RailsConf 2015
A New Kind of Analytics: Actionable Performance Analysis

A New Kind of Analytics: Actionable Performance Analysis

by Paola Moretto

In her presentation at RailsConf 2015, Paola Moretto discusses the critical importance of application performance in the modern web environment. She emphasizes that speed and responsiveness are not just beneficial but essential for user satisfaction and business success. ‘Speed is product feature number one,’ as quoted from Larry Page, underlines the significance of performance in web applications.
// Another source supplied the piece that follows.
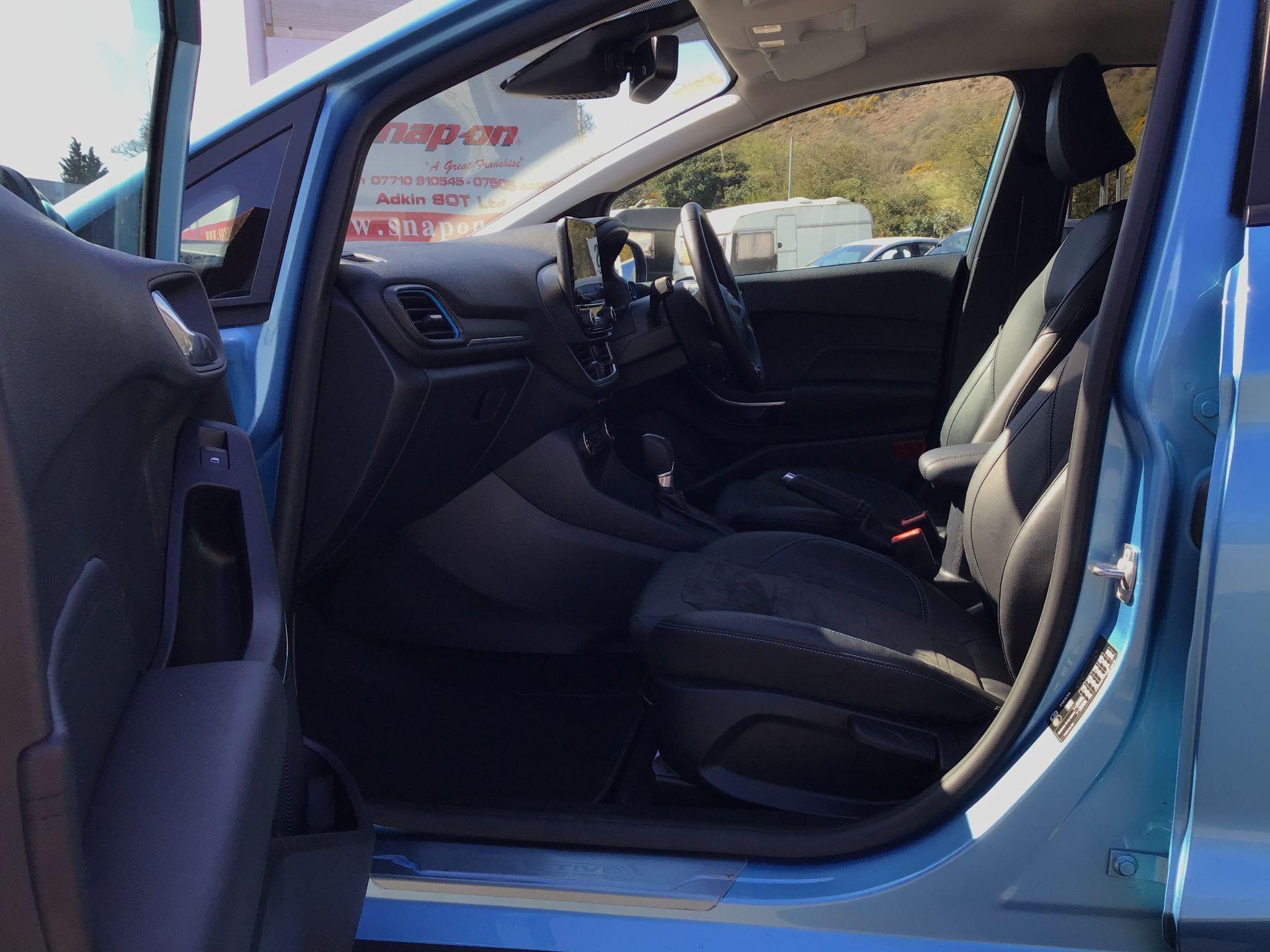 Ford Fiesta Image 24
Moretto argues that poor performance not only harms user experience but can also adversely impact visibility, SEO rankings, conversion rates, and overall brand perception.

Key points discussed include:
- Two Types of Data: Moretto differentiates between live traffic data (monitoring) and synthetic traffic data (performance testing) as vital sources for understanding application performance.
- Monitoring Strategies: She outlines various monitoring methods such as stack, infrastructure, and user behavior monitoring, highlighting the need to instrument systems thoroughly before drawing conclusions.
- Limitations of Monitoring: Noting that monitoring acts ‘after the fact’, she compares it to calling for help after an accident, stressing the importance of performance testing to anticipate potential issues.
- Performance Testing: This process simulates user scenarios in controlled environments, allowing developers to troubleshoot effectively and measure true user experience metrics beyond server stats.
- Continuous Testing: Moretto advocates for continuous performance measurement to adapt to changes in both internal code and external environments, ensuring that applications remain responsive.
- Actionable Analytics: She stresses the need for predictive analytics using machine learning techniques and data mining to proactively identify bottlenecks and improve performance health. Such methods enable developers to spot issues before they affect users.

Moretto illustrates her points with anecdotes, including a case where an unnoticed change by a cloud provider led to significant application performance degradation, showcasing the necessity for continuous monitoring and testing. In conclusion, she reiterates that while monitoring is foundational, combining it with performance testing fosters a more resilient application capable of predicting and addressing performance challenges. Ultimately, the focus on speed as a core feature ensures efficient deployments and better user experiences, making performance analytics essential in the development process.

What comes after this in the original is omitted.